Serpstat's API v4 uses JSON-RPC style, which is a protocol where the operation type (method name) is specified in the request body rather than the URL path. This is different from standard REST APIs where GET retrieves data and POST creates data. In Bubble's API Connector, you set these calls to POST with a JSON body — the `method` field in the body tells Serpstat which operation to run.

What happens if my Serpstat API unit quota runs out mid-day?

Serpstat returns a 200 HTTP status code even when the quota is exhausted, but the response body contains an `error` field instead of `result.data`. Bubble won't show a red workflow error — your Repeating Group simply appears empty. Build a quota monitoring step (query Serpstat's account stats endpoint) and display a user-visible warning when units fall below a threshold.

Can I build a public-facing SEO tool on Bubble using Serpstat?

Yes, but be aware that every user query consumes your Serpstat API unit quota. If 100 users each run 5 queries per day, that's 500 unit calls against your account's daily limit. Implement the caching pattern from Step 6 and the cooldown Custom State. For very high-traffic tools, consider upgrading to a Serpstat plan with a larger unit quota or implementing result caching with a 24-hour refresh window.

How do I handle Serpstat's search engine codes in a user-friendly dropdown?

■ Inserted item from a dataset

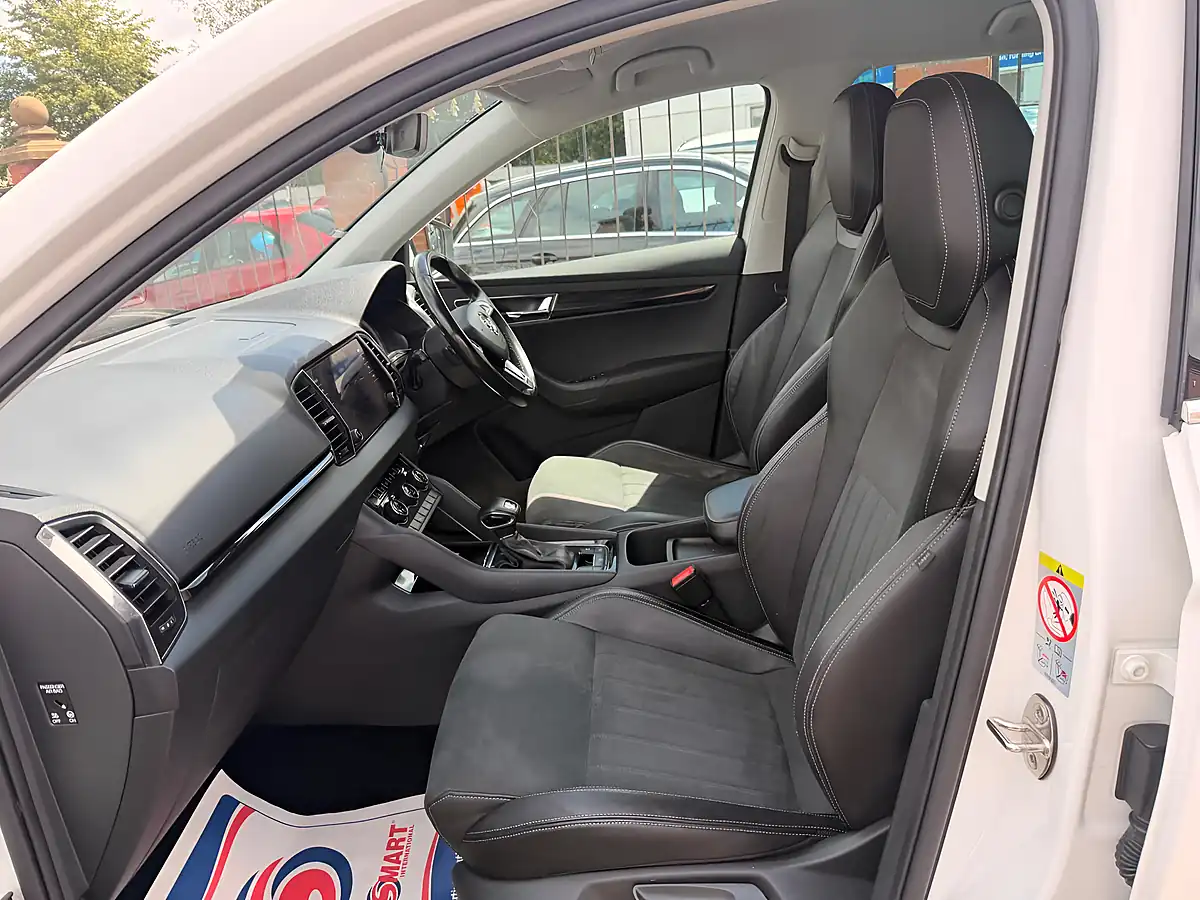 Used 2020 Skoda Karoq Se L White - Interior and Exterior details 10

Create a Bubble Dropdown element and add options using display name / value pairs: show the user 'Google US' but use `g_us` as the option's value. In the API Connector body JSON, bind the `se` parameter to the Dropdown's value (the code, not the label). This keeps the user experience clean while sending the exact code Serpstat requires.

What's the difference between Serpstat's getDomainInfo and getDomainKeywords methods?

getDomainInfo returns a single summary object for a domain — total keyword count, estimated organic traffic, traffic cost estimate, and competitor count. It's a fast, low-unit-cost call ideal for a dashboard overview tile. getDomainKeywords returns an array of individual keyword records for the domain (up to the `size` limit you specify), showing each keyword the domain ranks for. Use getDomainInfo for quick stats and getDomainKeywords when users want to drill into the full keyword list.